By 1867, the majority in Congress had decided that it didn’t like Johnson, his policies, or his style of presidency. Some Radical Republicans were already discussing impeachment. Possibly with this in mind, the Legislative branch passed the Tenure of Office Act, which forced the President to get the approval of the Senate before dismissing one of his officers. Johnson, testing this law, fired his Secretary of War, Edwin M. Stanton, without asking the Senate first. In February 1868, not only was this action taken , but Stanton was reinstated by Congress, then dismissed again by Johnson in favor of Union general Lorenzo Thomas. Days later, Congress voted for impeachment, accusing the President of "high Crimes and Misdemeanors."
There are many opinions on this. Michael Les Benedict, a history professor at Ohio State University, believes that it was a proper action to take. Indeed, he says that Johnson was daring them to impeach him; if they hadn’t, it would have given him free reign to dismantle their plan for Reconstruction. Others, such a historian Hans Louis Trefousse, chalk it up to political opportunism. Along this line, United States Chief Justice William Rehnquist, in his 1992 book, Grand Inquests, writes that the inquiry was purely technical, and "bordered on the absurd."
On February 25, 1868, the Senate began proceedings for the impeachment, writing eleven articles. The first eight concerned Johnson’s violation of the Tenure of Office Act. The others stated that he had questioned the constitutionality of laws, and made public speeches against members of Congress. The trial began on March 30, and over it presided Chief Justice Salmon P. Chase.

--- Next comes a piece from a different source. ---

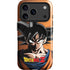 Dragon Ball Z Goku Portrait iPhone 17 Pro Magsafe Impact Case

Although the Senate was full of Radical supporters, Johnson had a chance of survival. One of his defenders was Benjamin R. Curtis, a former associate justice. The defense concentrated on the fact that the Tenure of Office Act was clearly unconstitutional, and since that was the only actual law Johnson had broken, this was logical. The prosecution concentrated on the President’s opposition to Republican policy, and said that he was, in fact, subverting the Union victory in the Civil War. In May, votes were taken on the eleventh, second, and third articles of impeachment. On all three, the vote was the same: thirty-five to nineteen, one shy of a two-thirds majority.
The question is, with so many Republicans voting, how was there not a two-thirds majority? There were certainly enough people like Horace Greeley, who believed that any Republican who voted for acquittal was a traitor. On the other hand, there were some senators who felt that party loyalty was not as important as working toward their own personal beliefs. And the belief of many was that the impeachment was ridiculous. And then there was Benjamin Wade. Wade was next in line to be President, should Johnson be thrown out. Several senators were wary of his extreme position on Reconstruction and his obsessive support of Johnson’s impeachment.

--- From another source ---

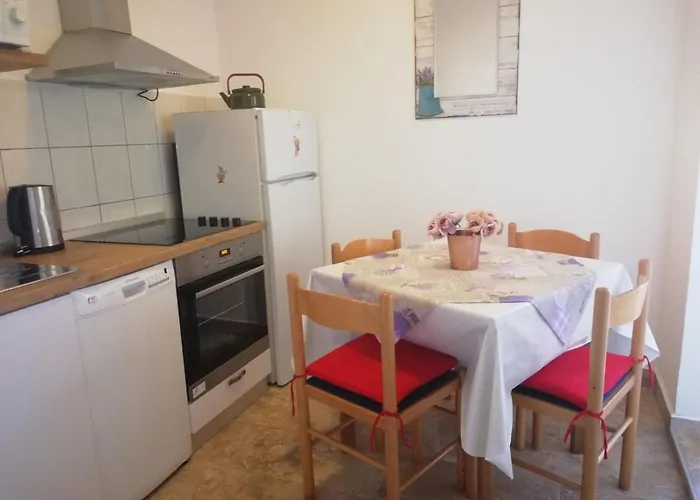 Apartments Rogac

If Johnson had been dismissed, it would have been a major victory for the Radical Republicans, but as it is, their moment had ended. More moderate policies were enacted, and the South returned to the hands of the conservatives. Once-Confederates were emboldened to continue their way of life and persecute the recently freed slaves. Despite this, the acquittal set an important precedent, demonstrating that a president cannot be evicted for political reasons. As for the Tenure of Office Act, it was repealed in 1887, and declared unconstitutional in 1926. Thus ended a controversial and still hotly debated event in the history of the United States.